I realized, what if i define const int into the body of c++ function and then use the address arithmetic to change the value of the constant( its on the stack, isn't it? ). i got this code:
const int a = 10;
int b = 100;
int * c = &b;
c++;
cout << "&a: " << &a << endl;
cout << " c: " << c << endl;
*c = 100500;
cout << " a: " << a << endl;
cout << "*c: " << *c << endl;
and i got this output
&a: 0x7ffff63866a8
c: 0x7ffff63866a8
a: 10
*c: 100500
So, addresses are the same, but values are different. Can someone explain me this result? Thanks! p.s. i tried on GCC, Clang and VS
const int a = 10;
int b = 100;
OK.
int * c = &b;
OK, but silly and my bug-o-meter is starting to twiddle.
c++;
Bug-o-meter now in the yellow zone.
cout << "&a: " << &a << endl;
OK
*c = 100500;
Bug-o-meter pegged. Undefined Behavior invoked. World explodes, you get fired.

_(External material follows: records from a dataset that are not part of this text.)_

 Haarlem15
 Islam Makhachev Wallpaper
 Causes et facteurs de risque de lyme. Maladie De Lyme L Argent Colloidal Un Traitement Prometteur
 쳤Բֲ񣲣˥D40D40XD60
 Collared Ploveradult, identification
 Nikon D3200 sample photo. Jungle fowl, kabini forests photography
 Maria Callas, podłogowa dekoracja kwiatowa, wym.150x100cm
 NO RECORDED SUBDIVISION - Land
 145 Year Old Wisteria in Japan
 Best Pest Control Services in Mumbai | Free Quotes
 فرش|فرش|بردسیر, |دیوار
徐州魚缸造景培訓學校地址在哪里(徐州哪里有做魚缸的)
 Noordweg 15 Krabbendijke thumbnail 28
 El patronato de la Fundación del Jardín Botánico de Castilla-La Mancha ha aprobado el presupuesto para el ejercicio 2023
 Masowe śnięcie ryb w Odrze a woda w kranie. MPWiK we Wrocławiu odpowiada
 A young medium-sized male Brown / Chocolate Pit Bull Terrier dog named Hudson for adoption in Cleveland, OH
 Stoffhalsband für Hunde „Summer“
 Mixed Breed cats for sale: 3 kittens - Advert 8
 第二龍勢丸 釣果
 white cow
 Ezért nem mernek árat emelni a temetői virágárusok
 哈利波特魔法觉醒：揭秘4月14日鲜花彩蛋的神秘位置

c++ moves the pointer to the next int in memory. The pointer math is OK, but all you can use c for at this point is to compare the pointer to another pointer. You can't dereference the pointer in any way. But that's what you do when you try to assign through it.
What happens next is irrelevant and, honestly, misleading. You think that c now points to the same memory as b, and maybe it does. But it's only through Undefined Behavior that this happened. You might also think that the value of *c is what you expect it to be, but this result is false. Maybe it is, maybe it isn't. You shattered the vial when you opened the box -- the cat is dead. And so is your program.
And by the way, if what you're trying to do is find a way to cheat the compiler so that you can change a const, don't -- it is strictly forbidden to change a const by any means.
There is a const_cast in C++, but that is also not a mechanism that you can use to change a const.